RECORDS FOR THE EXERCISE below:

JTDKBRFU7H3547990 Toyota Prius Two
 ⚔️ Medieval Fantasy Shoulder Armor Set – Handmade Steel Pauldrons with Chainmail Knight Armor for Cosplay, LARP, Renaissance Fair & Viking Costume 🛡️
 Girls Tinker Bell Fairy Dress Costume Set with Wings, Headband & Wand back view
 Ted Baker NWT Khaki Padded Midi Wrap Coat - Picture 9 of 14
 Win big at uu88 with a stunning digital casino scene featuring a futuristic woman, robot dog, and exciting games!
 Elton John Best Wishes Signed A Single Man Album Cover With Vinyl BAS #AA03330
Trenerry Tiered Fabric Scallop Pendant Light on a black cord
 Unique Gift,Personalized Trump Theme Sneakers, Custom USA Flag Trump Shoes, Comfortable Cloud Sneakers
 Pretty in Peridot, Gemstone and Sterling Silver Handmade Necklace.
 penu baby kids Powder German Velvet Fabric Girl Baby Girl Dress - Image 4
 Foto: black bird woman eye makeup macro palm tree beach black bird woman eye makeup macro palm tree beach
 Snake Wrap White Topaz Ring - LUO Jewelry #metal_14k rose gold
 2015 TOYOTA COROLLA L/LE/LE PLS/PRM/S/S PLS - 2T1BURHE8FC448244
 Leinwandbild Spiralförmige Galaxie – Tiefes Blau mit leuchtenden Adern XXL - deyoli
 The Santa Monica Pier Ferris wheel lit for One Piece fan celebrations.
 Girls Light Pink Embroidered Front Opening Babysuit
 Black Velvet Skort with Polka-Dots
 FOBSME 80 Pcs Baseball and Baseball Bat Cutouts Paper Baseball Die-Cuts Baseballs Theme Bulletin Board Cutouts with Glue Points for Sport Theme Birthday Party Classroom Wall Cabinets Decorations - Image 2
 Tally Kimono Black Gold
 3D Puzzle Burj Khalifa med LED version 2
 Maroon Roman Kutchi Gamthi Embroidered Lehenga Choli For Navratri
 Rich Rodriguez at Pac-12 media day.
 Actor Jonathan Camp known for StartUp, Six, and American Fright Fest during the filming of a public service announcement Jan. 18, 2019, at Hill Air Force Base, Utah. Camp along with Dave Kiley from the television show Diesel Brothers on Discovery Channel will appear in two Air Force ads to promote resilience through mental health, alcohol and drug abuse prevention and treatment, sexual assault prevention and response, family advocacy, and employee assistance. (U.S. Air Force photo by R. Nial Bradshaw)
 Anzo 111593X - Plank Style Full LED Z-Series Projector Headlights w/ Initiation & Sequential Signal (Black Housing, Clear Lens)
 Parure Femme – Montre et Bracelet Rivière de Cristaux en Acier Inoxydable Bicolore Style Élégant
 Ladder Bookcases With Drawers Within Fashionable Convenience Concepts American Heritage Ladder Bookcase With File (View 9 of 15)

End of RECORDS FOR THE EXERCISE.

### TASK INSTRUCTIONS:
Please print exactly what appears from the first line of the data through the line with "Ted Baker NWT", including both of those lines and nothing past them.

### ANSWER BOX:
JTDKBRFU7H3547990 Toyota Prius Two
 ⚔️ Medieval Fantasy Shoulder Armor Set – Handmade Steel Pauldrons with Chainmail Knight Armor for Cosplay, LARP, Renaissance Fair & Viking Costume 🛡️
 Girls Tinker Bell Fairy Dress Costume Set with Wings, Headband & Wand back view
 Ted Baker NWT Khaki Padded Midi Wrap Coat - Picture 9 of 14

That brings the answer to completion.